Äußerlich ist die Auberge de l’Ill ein typisch elsässisches Gebäude stattlicher Ausprägung, wenngleich man bereits einige moderne Elemente erkennen kann. Im Restaurant selbst herrscht gediegener Luxus in Pastelltönen vor. Ein schickes Restaurant, das eine vornehme Ruhe und Selbstsicherheit ausstrahlt. Man ist hier auch ganz unkompliziert, was Sonderwünsche angeht. Natürlich wollen wir so viel wie möglich probieren, am liebsten à la carte, machen uns aufgrund des Umfangs jedoch ein wenig Sorgen. Der Maître nimmt unsere Sorgen gelassen entgegen, weist darauf hin, dass die Portionen durchaus elsässisch – sprich üppig – sind und unterstützt uns beim Zusammenstellen eines Menüs mit vielen halben Portionen. Wäre man doch nur überall so locker und souverän. Positiv gestimmt und gespannt wie Flitzebögen, warten wir nun bei einem Glas Muscat von Bott aus dem nahen Ribeauvillé auf die Ouvertüre.

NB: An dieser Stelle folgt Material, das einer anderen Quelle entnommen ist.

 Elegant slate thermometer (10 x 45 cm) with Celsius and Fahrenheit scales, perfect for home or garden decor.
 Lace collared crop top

Angenehm übersichtlich sind die Apéros. Da wäre ein Croque Monsieur, eine Interpretation von Aal „grün“ sowie ein Cornet mit Kaviar. Obwohl die Petitessen eher rustikal wirken, zeigen sie sich geschmacklich überraschend raffiniert. Selbst sowas simples wie ein bereits tausend Mal gegessener Croque Monsieur kann unter fachmännischer Zubereitung und aus tollen Produkten gemacht immer noch viel Freude bereiten. Auch die anderen beiden Petitessen wissen zu gefallen, wenngleich nichts davon einem Geniestreich gleichkommt. Muss es ja aber auch nicht. Die weitere Vorfreude wurde jedenfalls nicht getrübt. Das war’s dann auch schon mit dem Vorgeplänkel, …

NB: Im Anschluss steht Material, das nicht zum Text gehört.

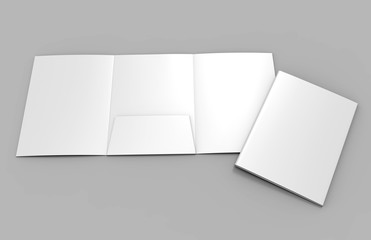 Tri-fold Blank white reinforced A4 single pocket folder catalog on grey background for mock up. 3D rendering.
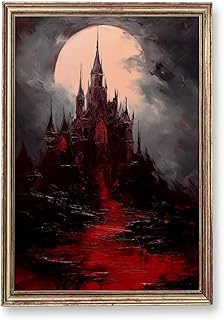 Vintage Castle Painting Dark Academia Canvas Wall Art Gothic Landscape Poster Medieval Castle Painting Vintage Gothic Artwork Dark Moody Pictures Moon Landscape Wall Art for Living Room 16x24in No Frame
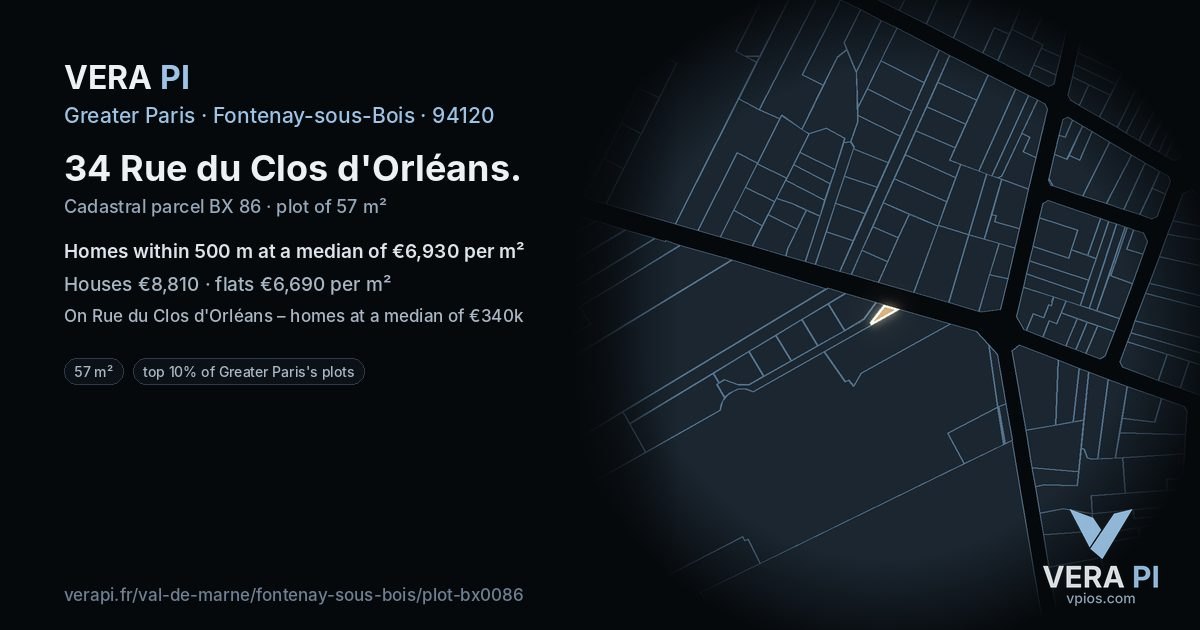 34 Rue du Clos d'Orléans, Fontenay-sous-Bois at night – the plot lit, the parcels around coloured by the prices near them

… denn mit Taschenkrebs, Zitrone und Krustentiercrème folgt direkt der Einstieg ins Menü. Selbst die halbe Portion erscheint immer noch sehr stattlich. Zum Glück haben wir keine reguläre bestellt. Geschmacklich zeigt sich der Eröffnungsgang auf hohem Niveau. Wie das jodig-süßliche Krebsfleisch von der tiefen und komplexen Krustentiercrème elegant umspielt und gleichzeitig akzentuiert wird, während die Zitrone für belebende Säure und Balance sorgt, hat schon große Klasse. Als besonders gelungen erweist sich die Beigabe einer Art Sahneschaum, der mit seiner lieblichen Fettigkeit am Gaumen alle Elemente zu einem runden Ganzen verbindet und die einzelnen Komponenten noch stärker betont. Ein starker erster Gang, der Luft nach oben lässt.

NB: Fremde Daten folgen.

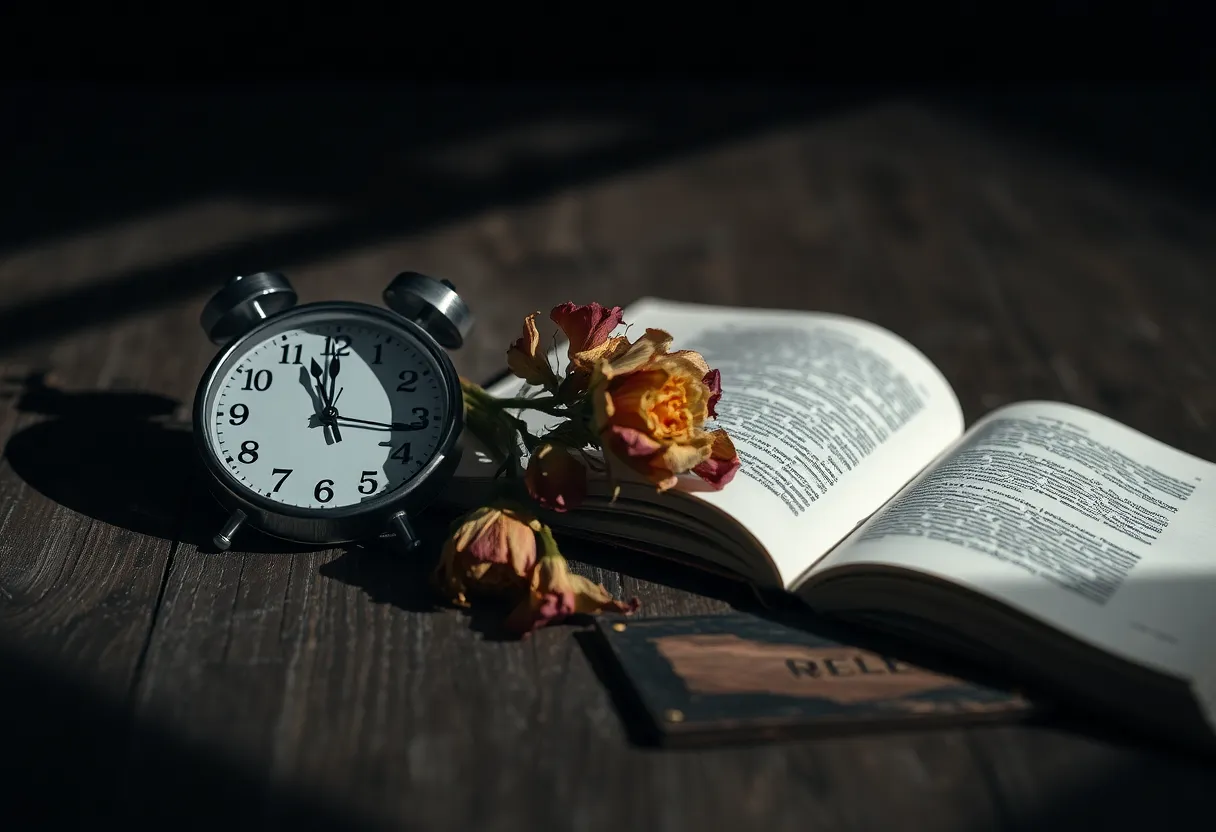 Symbolic Still Life of Time and Healing This evocative still life image encapsulates the themes of time and healing through the arrangement of a broken clock, wilted flowers, and an open book. The dramatic lighting and deep shadows create a moody atmosphere, inviting viewers to reflect on the complexities of mental health. The selective focus emphasizes the key elements, while the muted earth tones enhance the contemplative mood. This symbolic composition tells a story of loss and the journey towards recovery, creating a striking visual narrative.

Klassisch-modern geht’s auch gleich weiter mit einer gebratenen Langoustine mit Blumenkohl und Ossietra-Kaviar. Dieser Dreiklang ist im gehobenen Küchenkanon mittlerweile fest verankert, und das aus gutem Grund. Wie sich die maritime Süße des exzellenten Granats mit der nur dezent nach Meer schmeckenden Salinität des schwarzen Goldes zu einem Ozeansturm verbindet, ist alleine sein Geld wert. Doch nicht nur das tiefe Nass spielt eine gewichtige Rolle, sondern auch der bescheidene Blumenkohl. Er bietet durch die Deklination einerseits ein spannendes Texturspiel, und andererseits erweitert er das Geschmacksspektrum. Vor allem die gebratenen Stücke erweisen sich in diesem Kontext als besonders apart, da die betörenden Röstnoten für den richtigen Kick sorgen und dem ansonsten sehr luxuriös-eleganten Teller einen bodenständig-kernigen Unterton verleihen.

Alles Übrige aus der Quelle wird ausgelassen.